Há uns meses, antes do lançamento do segundo EP de Yung Xalana, duas almas penadas deram as mãos para escrever sobre ele. Mas o texto ficou perdido no éter. Recuperamo-lo agora.
As melhores histórias e canções escorrem por entre as brechas dos corações em cacos. “Corazon Partido”, a aludir ao hit de Alejandro Sanz e a abrir RIP Xalana, é uma delas. O segundo EP de Yung Xalana no espaço de um mês começa com a guitarra de Henrique Carvalho Lopes (casaxangai), gravada depois por Guilherme Almeida, a gemer e um riffão sacado ao baixo por Lourenço Abecassis, depois chega a bateria de Miguel Costa (Co$tanza), demolidora, marcial. Por fim, entra em cena Yung Xalana, protagonista desta thrashédia no wave, a gritar para o vazio, a carregar cada sílaba com a força de uma palavra de ordem: “Coração, partido. Coração, partido. Coração, partido. Coração, partido. Coração, partido. Coração, partido. Coração, partido. Coração.”
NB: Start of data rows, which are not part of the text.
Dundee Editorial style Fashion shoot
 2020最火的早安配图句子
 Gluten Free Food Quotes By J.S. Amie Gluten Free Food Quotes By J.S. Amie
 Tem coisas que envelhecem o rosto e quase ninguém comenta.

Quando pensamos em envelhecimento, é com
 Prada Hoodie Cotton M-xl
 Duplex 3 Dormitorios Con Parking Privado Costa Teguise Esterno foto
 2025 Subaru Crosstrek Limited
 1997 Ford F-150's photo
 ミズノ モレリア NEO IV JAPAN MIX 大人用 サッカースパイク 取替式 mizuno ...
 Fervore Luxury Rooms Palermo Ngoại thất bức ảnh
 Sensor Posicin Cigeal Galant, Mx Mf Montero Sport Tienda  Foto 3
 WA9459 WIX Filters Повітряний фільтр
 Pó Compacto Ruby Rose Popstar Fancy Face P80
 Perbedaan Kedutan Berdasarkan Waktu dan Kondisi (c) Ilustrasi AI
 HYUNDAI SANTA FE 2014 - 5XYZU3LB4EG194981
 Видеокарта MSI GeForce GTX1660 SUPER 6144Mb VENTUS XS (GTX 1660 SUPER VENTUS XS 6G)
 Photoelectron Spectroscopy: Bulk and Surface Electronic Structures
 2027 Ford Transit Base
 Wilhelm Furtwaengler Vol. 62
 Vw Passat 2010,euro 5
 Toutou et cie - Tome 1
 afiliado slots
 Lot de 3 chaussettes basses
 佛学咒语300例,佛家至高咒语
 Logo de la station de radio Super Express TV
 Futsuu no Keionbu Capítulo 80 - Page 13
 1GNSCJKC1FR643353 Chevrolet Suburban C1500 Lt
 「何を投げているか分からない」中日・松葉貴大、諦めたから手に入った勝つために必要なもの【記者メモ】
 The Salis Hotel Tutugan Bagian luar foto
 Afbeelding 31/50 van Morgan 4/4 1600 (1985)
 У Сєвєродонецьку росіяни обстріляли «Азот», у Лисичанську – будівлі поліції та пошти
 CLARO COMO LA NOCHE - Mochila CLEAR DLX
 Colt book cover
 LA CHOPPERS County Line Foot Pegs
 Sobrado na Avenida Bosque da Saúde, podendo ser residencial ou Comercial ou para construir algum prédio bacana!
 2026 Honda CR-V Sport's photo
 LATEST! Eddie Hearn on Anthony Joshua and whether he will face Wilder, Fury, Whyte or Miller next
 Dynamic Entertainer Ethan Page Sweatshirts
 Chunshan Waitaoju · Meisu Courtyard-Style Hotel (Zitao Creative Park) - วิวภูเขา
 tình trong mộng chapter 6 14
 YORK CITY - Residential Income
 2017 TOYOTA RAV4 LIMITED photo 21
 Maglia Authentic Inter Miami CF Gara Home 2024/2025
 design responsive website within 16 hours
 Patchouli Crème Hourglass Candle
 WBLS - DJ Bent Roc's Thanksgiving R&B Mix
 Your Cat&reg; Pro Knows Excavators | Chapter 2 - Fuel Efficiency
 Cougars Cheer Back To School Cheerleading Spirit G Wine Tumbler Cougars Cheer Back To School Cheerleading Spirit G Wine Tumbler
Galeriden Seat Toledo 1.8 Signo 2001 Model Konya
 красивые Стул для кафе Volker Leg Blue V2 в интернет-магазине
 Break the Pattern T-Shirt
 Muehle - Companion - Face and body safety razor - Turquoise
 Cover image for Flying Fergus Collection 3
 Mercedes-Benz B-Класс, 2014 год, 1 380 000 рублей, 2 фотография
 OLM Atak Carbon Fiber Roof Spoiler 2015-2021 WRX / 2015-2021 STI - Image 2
Durante quase quatro minutos, o seu exorcismo afugenta os nossos demónios. A dor dele é ou já foi a nossa. Afinal, como Xalana canta e a Dra. Ana diz, “é bastante comum este tipo de sentimento dos homens dos 15 aos 37”. A única mentira é que, hoje, continua a sê-lo aos 38. E aos 39. E aos 40. Quarenta e muitos anos depois da canção de Blondie, é raro o coração que não é mais frágil do que o vidro. Valha-nos o riffaço pegajoso como algodão doce que, mal acaba a primeira faixa, introduz “Pós-Modernismo”. Bruta jarda, os instrumentos sintonizados numa frequência, as letras assépticas mas fundacionais, um mundo que perdeu o sentido. “O betão já não é betão”, ouve-se. Nada é tudo. Tudo é nada. Nós somos nada. Mas vale tudo. Chinelos no Lux, fachos na rua, betos no Desterro, um “Braancamp armado em Silva”. Há quem parta corações, mas “Beto no Desterro” parte a casa toda. Língua afiada, olhar atento, guitarra orelhuda. E cheiro a tabaco durante uma semana.
Só que o que a noite oculta, a alma espraia. E ninguém se esqueceu daquele corazon partido. Afinal, todos tivemos um; muitos temos. E antes ter um coração partido do que não ter coração nenhum. Mas quantas mortes aguenta um coração? Resiliente, combatente, sempre ressuscitado, talvez por um outro coração. Foda-se. Mas e o nosso? Se for para partir, pelo menos seja porque “Fomos quase”. Quase que poderia explicar esta canção. Quase que poderia jorrar de tão fundo. Quase que ousaria dizer que soube o que é ser quase. Mas, como diz Xalana, ser quase é melhor do que não ser nada, e há quem nem chegue a saber o que isso é. “Fomos quase” é um poema-malha e uma carta de amor. Um quase grande hit, um quase reatar, um quase saber amar. Mas ‘tá-se bem. Vamos fingir que quase chegou.
O fim vem em diferentes formas. O último beijo. A última palavra. A última canção. Esta conta o que acontece a um coração realmente despedaçado. E atenção que um não está mais despedaçado do que o outro só por ser capaz de admitir que o maior clichê do mundo é real: o amor leva à loucura. E que bom que é ser-se louco por alguém. Mas quando se perde alguém passa-se a ser só louco. E ser-se louco sozinho é muito mais difícil. Quem nunca acabou no Júlio de Matos? Na falência do ser, serve-se um “Psicoprato”. Sempre à mesma hora. Até o fim ser tão real, que já nem precisamos dele. Precisamos só deste disco.